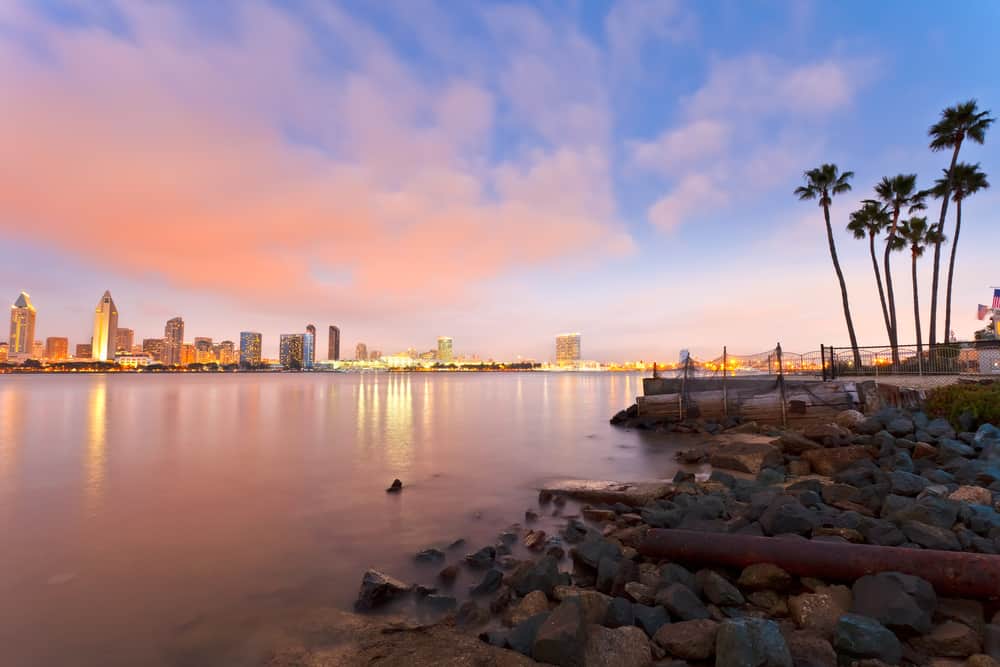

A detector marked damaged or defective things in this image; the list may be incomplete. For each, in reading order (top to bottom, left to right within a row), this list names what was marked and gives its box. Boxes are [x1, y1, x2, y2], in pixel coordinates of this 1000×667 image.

rusted pipe [640, 532, 1000, 600]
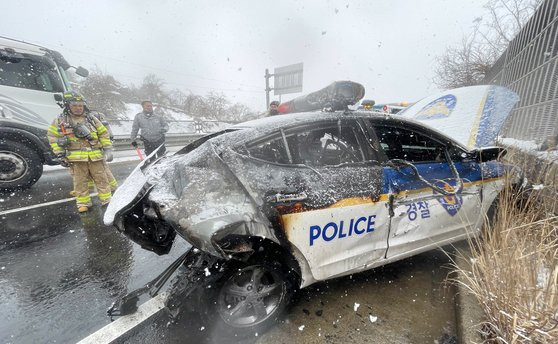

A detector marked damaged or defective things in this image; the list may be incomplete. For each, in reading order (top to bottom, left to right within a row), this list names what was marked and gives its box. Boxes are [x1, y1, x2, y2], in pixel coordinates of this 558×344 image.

wrecked police car [106, 82, 524, 336]
bent hood [402, 85, 520, 150]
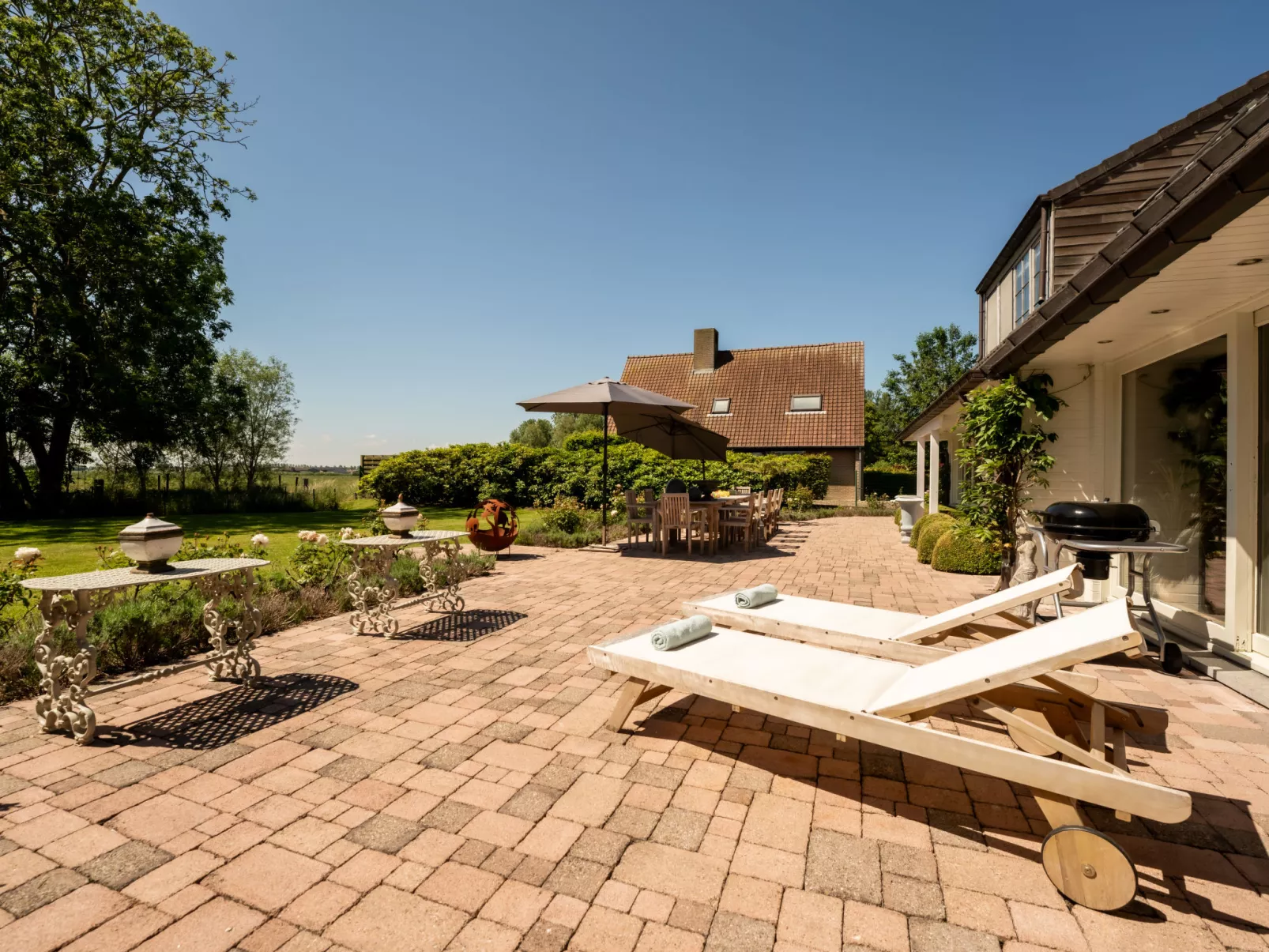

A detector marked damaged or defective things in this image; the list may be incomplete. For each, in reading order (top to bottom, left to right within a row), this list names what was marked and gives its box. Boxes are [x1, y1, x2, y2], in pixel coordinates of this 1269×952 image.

rusty metal sphere sculpture [464, 502, 518, 555]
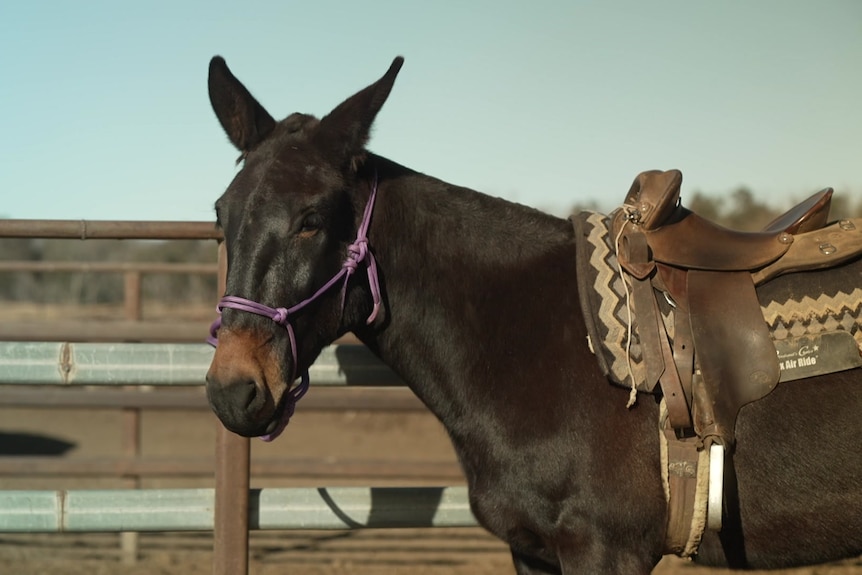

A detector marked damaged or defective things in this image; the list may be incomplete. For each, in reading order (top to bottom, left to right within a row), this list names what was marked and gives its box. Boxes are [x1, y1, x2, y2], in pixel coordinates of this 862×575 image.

++++++

Exercise: An exact copy of the lines from the one with "this 1269×952 image." through the end of the entries above, both included, is the whole answer. It contains no pictures.

Solution to this exercise:
A detector marked damaged or defective things in this image; the list may be incomplete. For each, in reading order (top to bottom, left to right within a row), this list names what was marked and gives its box. Boxes are [x1, y1, x2, y2], in pixel coordinates of this 1269×952 image.

rusty metal sphere sculpture [464, 502, 518, 555]

A detector marked damaged or defective things in this image; the list may be incomplete. For each, in reading order (top to bottom, left to right within a row), this list names what was marked and gives its box. Boxes are [x1, y1, x2, y2], in pixel coordinates of this 862×575 image.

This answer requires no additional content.